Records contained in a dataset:
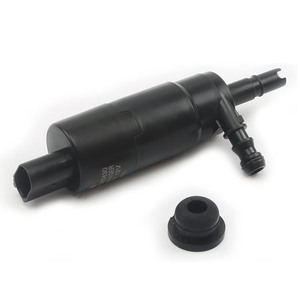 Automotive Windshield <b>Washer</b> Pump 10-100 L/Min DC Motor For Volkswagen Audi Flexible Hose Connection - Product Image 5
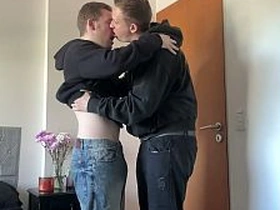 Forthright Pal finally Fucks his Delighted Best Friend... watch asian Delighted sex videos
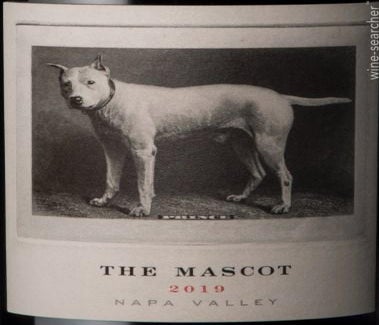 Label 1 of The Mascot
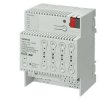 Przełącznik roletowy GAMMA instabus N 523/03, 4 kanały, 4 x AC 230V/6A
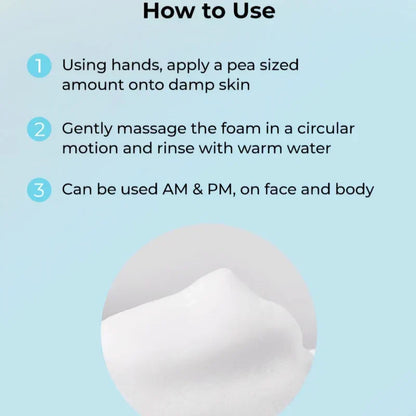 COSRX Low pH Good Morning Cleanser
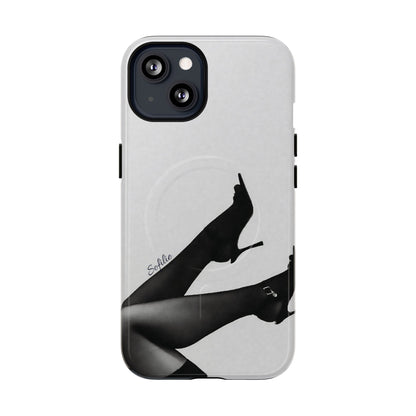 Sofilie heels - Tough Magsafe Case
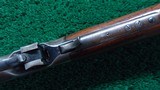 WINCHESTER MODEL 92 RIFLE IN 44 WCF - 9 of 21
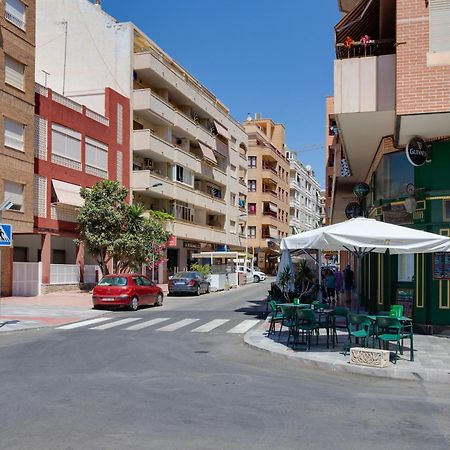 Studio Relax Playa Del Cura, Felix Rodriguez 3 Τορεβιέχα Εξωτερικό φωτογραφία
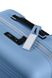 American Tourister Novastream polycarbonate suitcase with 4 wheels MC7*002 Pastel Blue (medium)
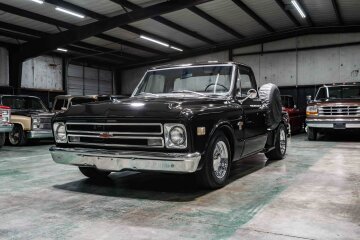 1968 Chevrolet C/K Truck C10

--

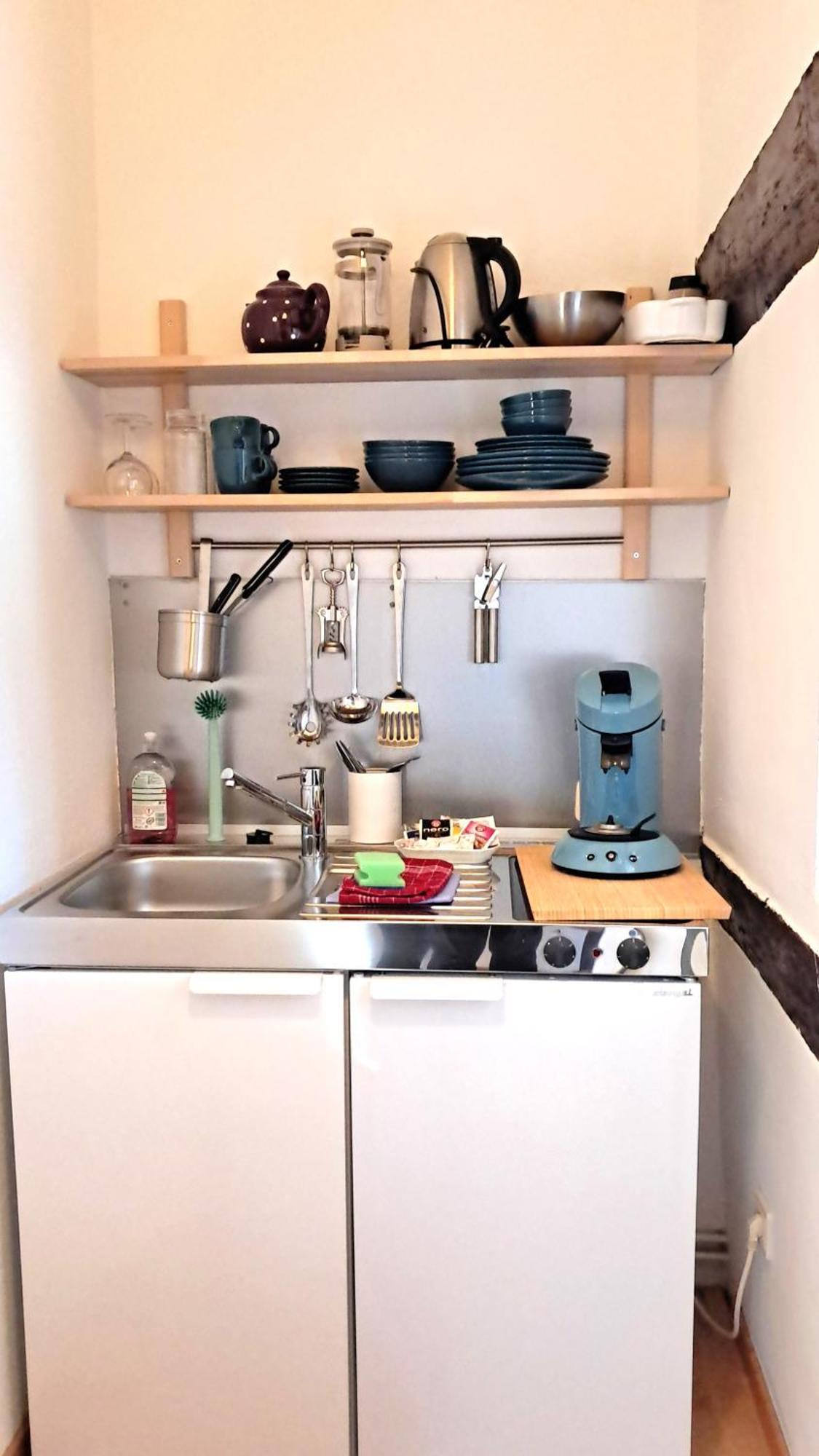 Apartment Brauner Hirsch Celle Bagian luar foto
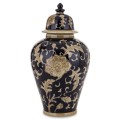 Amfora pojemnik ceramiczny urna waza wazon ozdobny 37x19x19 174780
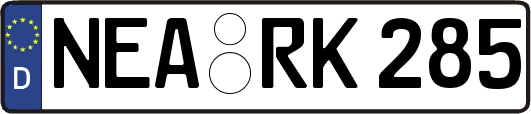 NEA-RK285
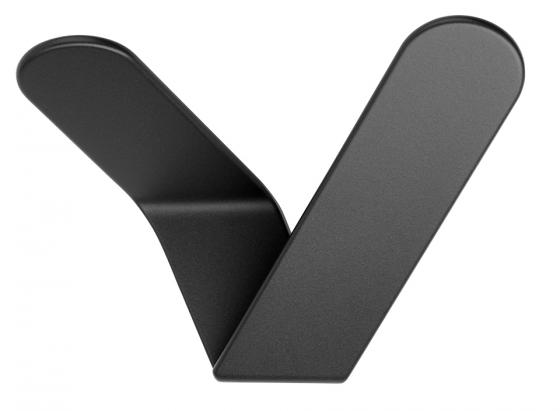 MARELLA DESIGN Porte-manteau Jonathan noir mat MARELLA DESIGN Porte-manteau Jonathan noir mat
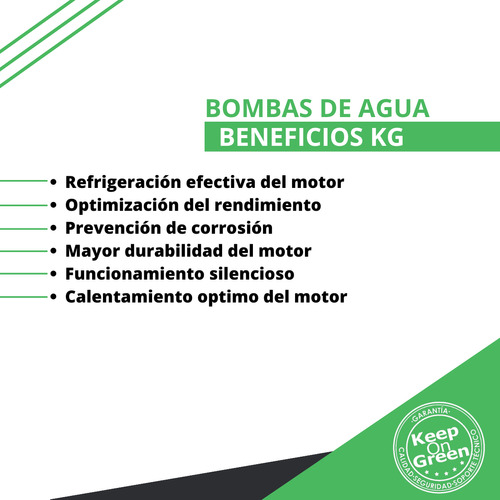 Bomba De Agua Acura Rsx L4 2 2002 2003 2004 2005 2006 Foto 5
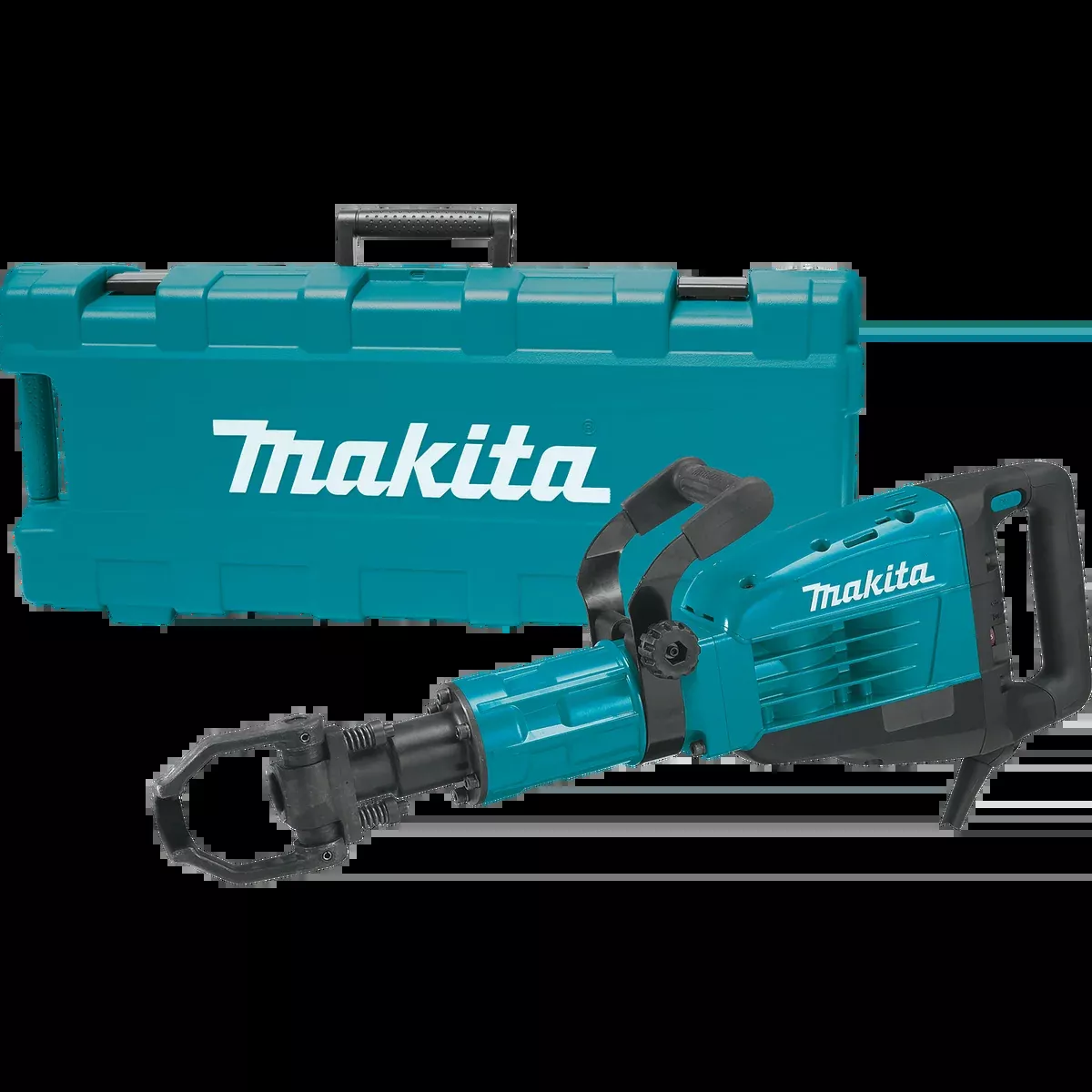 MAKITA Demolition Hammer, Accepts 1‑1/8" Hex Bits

--

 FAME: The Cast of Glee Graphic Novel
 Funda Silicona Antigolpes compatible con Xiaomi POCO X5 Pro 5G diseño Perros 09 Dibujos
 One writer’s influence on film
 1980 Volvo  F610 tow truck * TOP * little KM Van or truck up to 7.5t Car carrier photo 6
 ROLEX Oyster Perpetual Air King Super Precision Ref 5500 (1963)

What is being asked: Pictures aside, print exactly the lines above starting with the one containing "Sofilie heels - Tough Magsafe Case" and going on through the one containing "1968 Chevrolet C/K Truck C10".

Exercise solution:
 Sofilie heels - Tough Magsafe Case
 WINCHESTER MODEL 92 RIFLE IN 44 WCF - 9 of 21
 Studio Relax Playa Del Cura, Felix Rodriguez 3 Τορεβιέχα Εξωτερικό φωτογραφία
 American Tourister Novastream polycarbonate suitcase with 4 wheels MC7*002 Pastel Blue (medium)
 1968 Chevrolet C/K Truck C10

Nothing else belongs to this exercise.